# How often do you get new bloodline of fruit flies?



## Frogsarefun (Nov 25, 2015)

Just wondering if there is a "rule of thumb", as to how often to bring in new ff?
Mine are 9 months old and still producing well, however some cultures have smaller flies.

Thanks


----------



## k5MOW (Jun 19, 2015)

Good question look forward to the replies.


----------



## gary1218 (Dec 31, 2005)

NEVER for me.


----------



## mwallrath (Mar 8, 2013)

I try to use flies from multiple cultures on hand when setting up new ones to try and boost the genetic mix. Never really sure how much a benefit this is, but figured it could not hurt.


----------



## erik s (Apr 12, 2010)

gary1218 said:


> NEVER for me.


Years for me!!!


----------



## MasterOogway (Mar 22, 2011)

mwallrath said:


> I try to use flies from multiple cultures on hand when setting up new ones to try and boost the genetic mix. Never really sure how much a benefit this is, but figured it could not hurt.


I do this too, but probably only every 3rd or 4th time I'm making cultures. Again, no evidence to support that it's actually a benefit, but who knows. Should see if there's a paper out there for it...


----------



## bsr8129 (Sep 23, 2010)

whenever i have a crash and have to get new ones, several years in-between.


----------



## FrogTim (Oct 1, 2015)

If you are getting small flies make sure you are starting new cultures with flies from your first production 'boom'.

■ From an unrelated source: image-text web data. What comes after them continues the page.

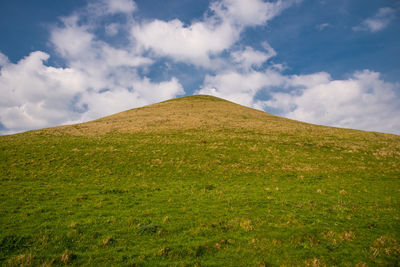 Low angle view of mountain against sky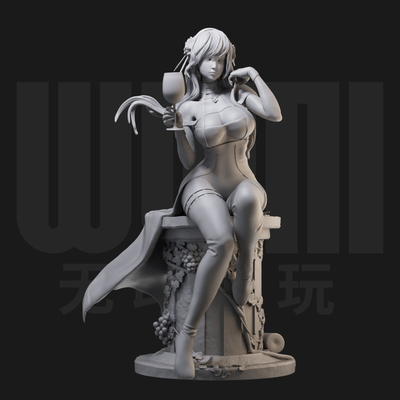 1/24约尔福杰 间谍过家家 18比例GK白模手办 3D打印兵人模型 2452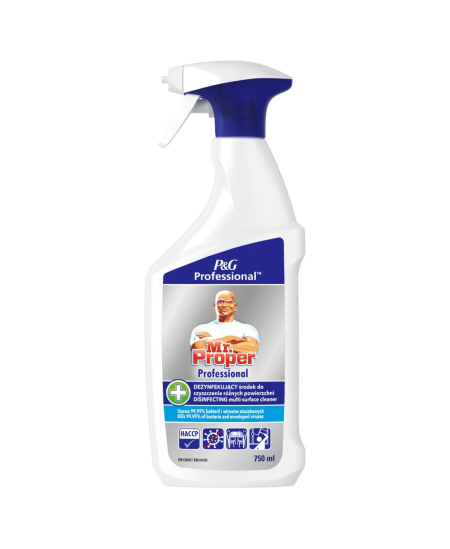 Įvairių paviršių valiklis ir dezinfekantas Mr. PROPER PROFESSIONAL, 750ml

Older cultures produce smaller flies and if you start new cultures with these you are more likely to get smaller flies.

Before getting new cultures you can try seeding new ones with flies from your quick producing cultures with normal sized flies. If you keep getting low production or smaller flies, it may be time for a new culture.


----------



## carola1155 (Sep 10, 2007)

FrogTim said:


> If you are getting small flies make sure you are starting new cultures with flies from your first production 'boom'.
> 
> Older cultures produce smaller flies and if you start new cultures with these you are more likely to get smaller flies.
> 
> Before getting new cultures you can try seeding new ones with flies from your quick producing cultures with normal sized flies. If you keep getting low production or smaller flies, it may be time for a new culture.


This needs to be dissected a bit. Size of the fly is generally correlated to available food for the larvae. So, while older cultures do generally produce smaller flies... it is because there is less food available. Using smaller flies to seed new cultures will not result in smaller flies from the initial boom of the new culture, they should be all normal sized (unless there is something else going on).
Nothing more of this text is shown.